I’ve been thinking about the challenges in publishing since Angry Robot Books YA imprint shut its doors less than three years after bursting onto the scene with great fanfare. A bunch of authors I know with book deals wound up having them cancelled. Other author friends of mine are hanging in limbo. We are all waiting to get word on whether we have a fight on our hands to get our rights back. (My hunch is that we probably will have to fight because nothing is ever easy, is it?)

Hachette is fighting with Amazon. Amazon is fighting with Hachette. One group of authors has an open letter asking Amazon to lay off while self-published authors are openly supporting Amazon’s position.

2014 has been a crazy year in publishing and I have to wonder: are we nearing a tipping point that changes publishing forever? Have we already tipped and is the new paradigm starting to take shape? Is the future of publishing one of hybrid authors? Is it just self-published books and will authors ever make the kind of money they made a generation ago?

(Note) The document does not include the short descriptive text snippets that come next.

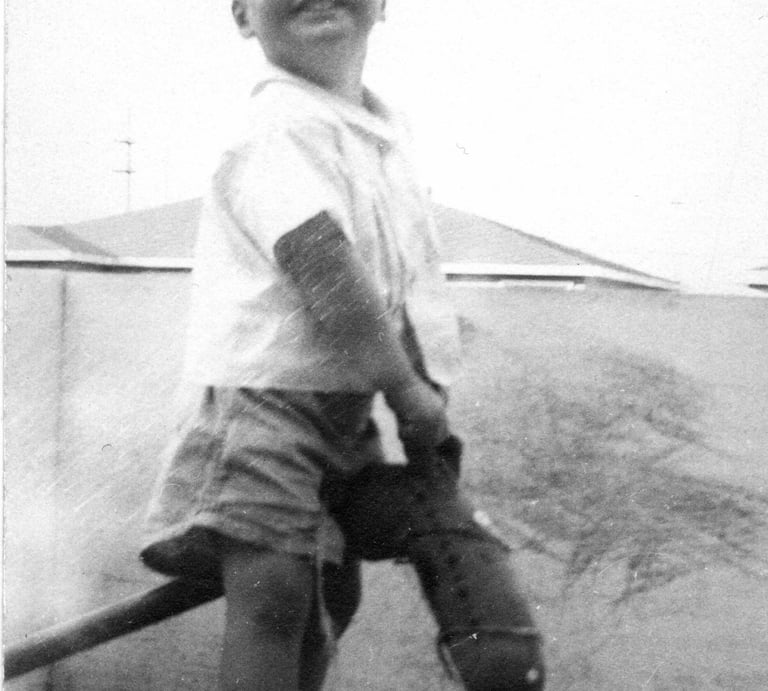 Childhood black & white photo of Cam Beard. founder of Carrots by Cam, riding a hobby horse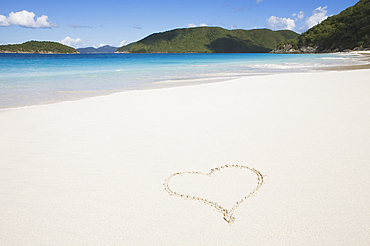 USA, United States Virgin Islands, St. John, Cinnamon Bay, Pair of yellow flip flops on sandy beach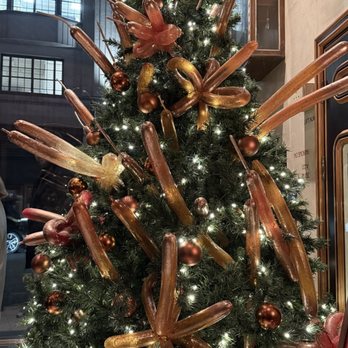 Dishoom - Festive Christmas tree at the front to greet visitors - Indian Near Me - Kensington, XGL Dishoom - Festive Christmas tree at the front to greet visitors - Indian Near Me - Kensington, XGL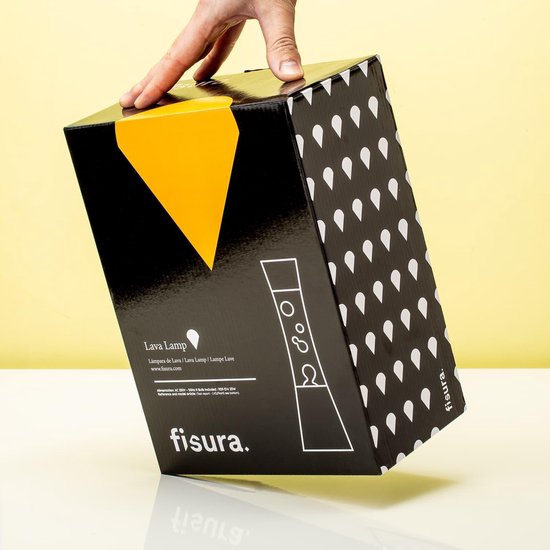 Een hand houdt de zwart-geel gestreepte verpakking van een Fisura lavalamp vast.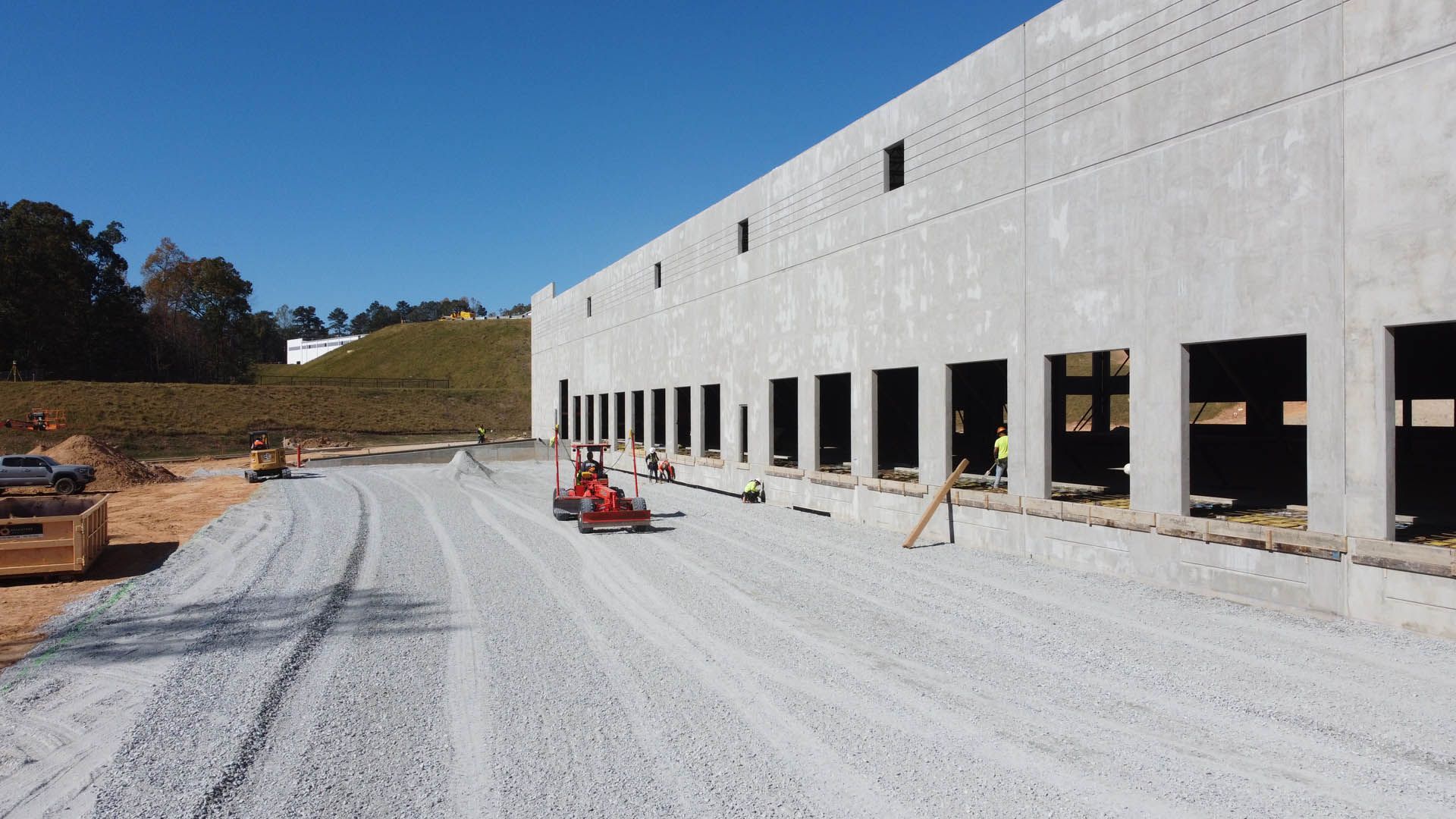 Construction site with a long concrete building and gravel road, bright blue sky.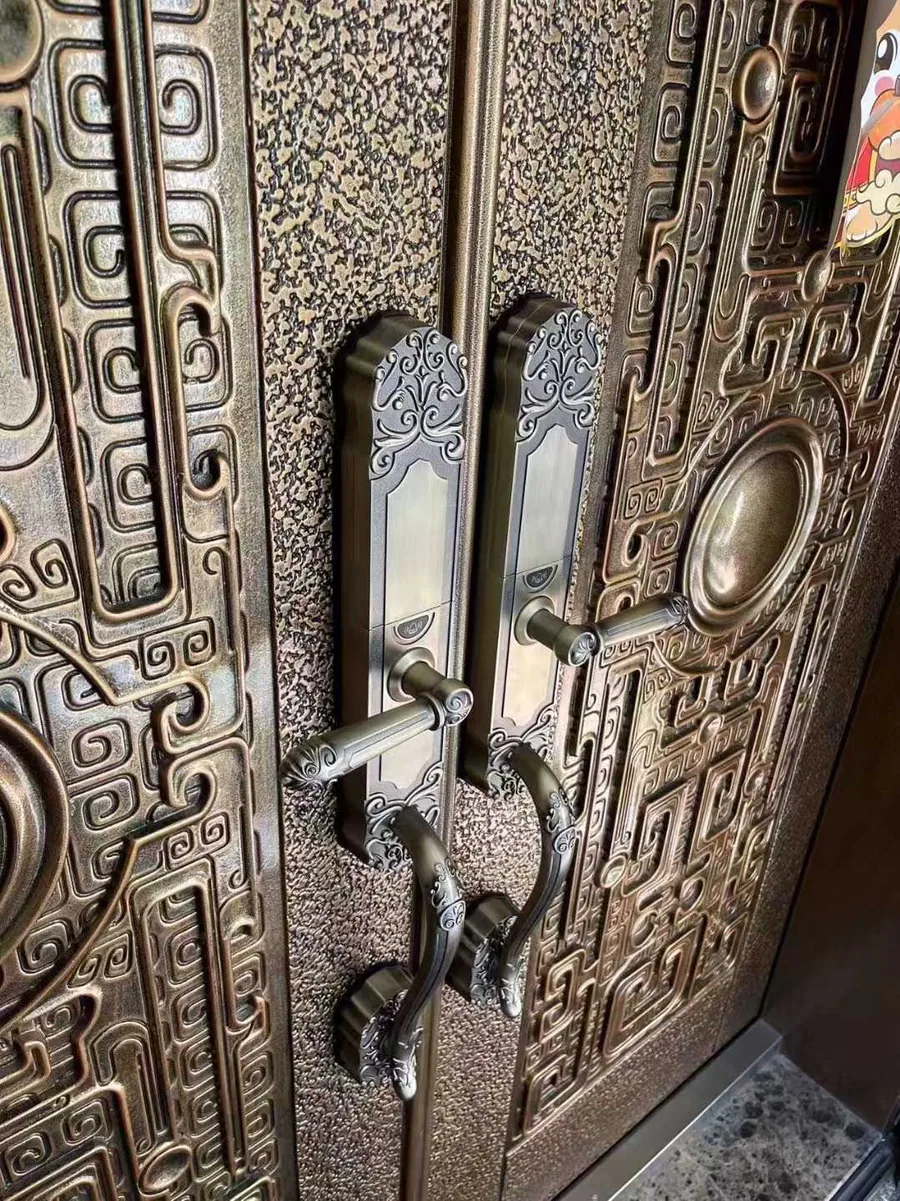 CaremLock villa lock installed on a brass double entrance door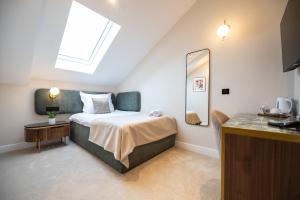Ένα ή περισσότερα κρεβάτια σε δωμάτιο στο Boem Exclusive Rooms Skadarlija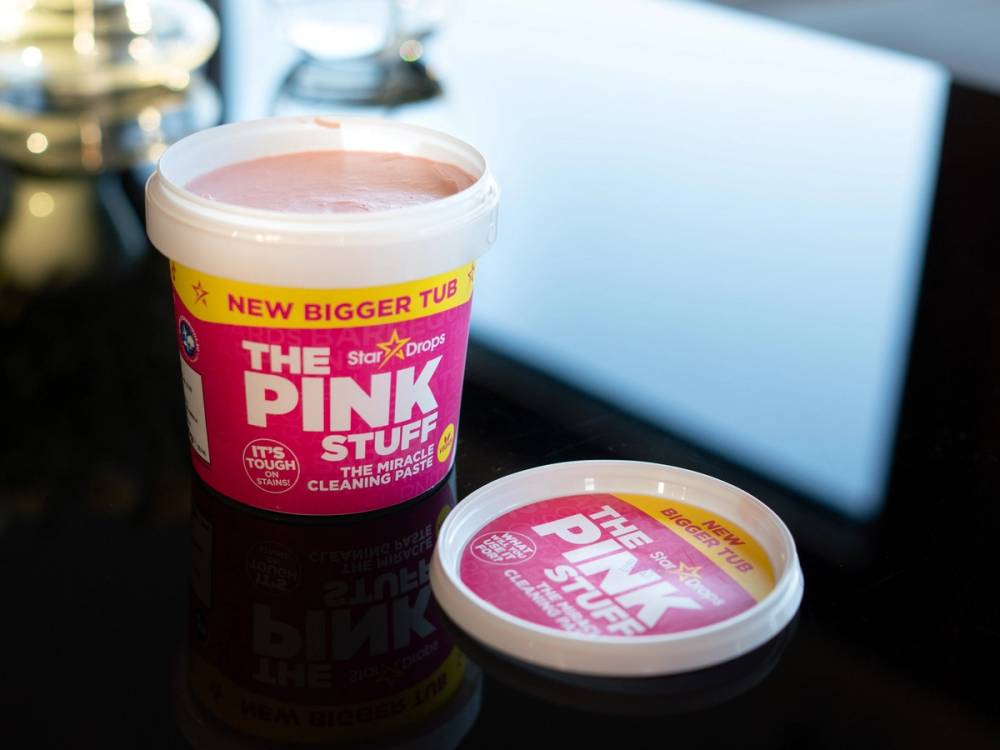En bøtte med rosa rengjøringskrem kalt The Pink Stuff står på et bord, med en annen liten beholder med samme navn ved siden av.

So much has changed so fast. Agents are offering publicist services. Some agents are developing their own in-house imprints for their client’s back lists. Smashwords is a bona-fide phenomenon. Kindle Direct Publishing is kicking ass everywhere and Amazon OWNS … they freaking OWN 90% of the ebook market world-wide.

That’s a staggering figure.

And I don’t know how the existing traditional model can continue when there is so much uncertainty. Nobody has a clue where things are going, but if you look closely you might see some writing on the wall.

I think the phenomenon known as “showrooming” where people go into a show room, price the product they want and then go home and buy it online is starting to hit the traditional retail sector in a big way. (Best Buy has been hit hard. Sears. In Canada, Chapters-Indigo, our largest book retailer is dramatically increasing their non-book stock to make up for the losses to Amazon purchases)

We already know bookstores are closing. People are shopping on their iPads and laptops. Out with the old ways and in with the new.

This stuff has happened so goddamned fast. I can’t even keep up with the changes … nobody can!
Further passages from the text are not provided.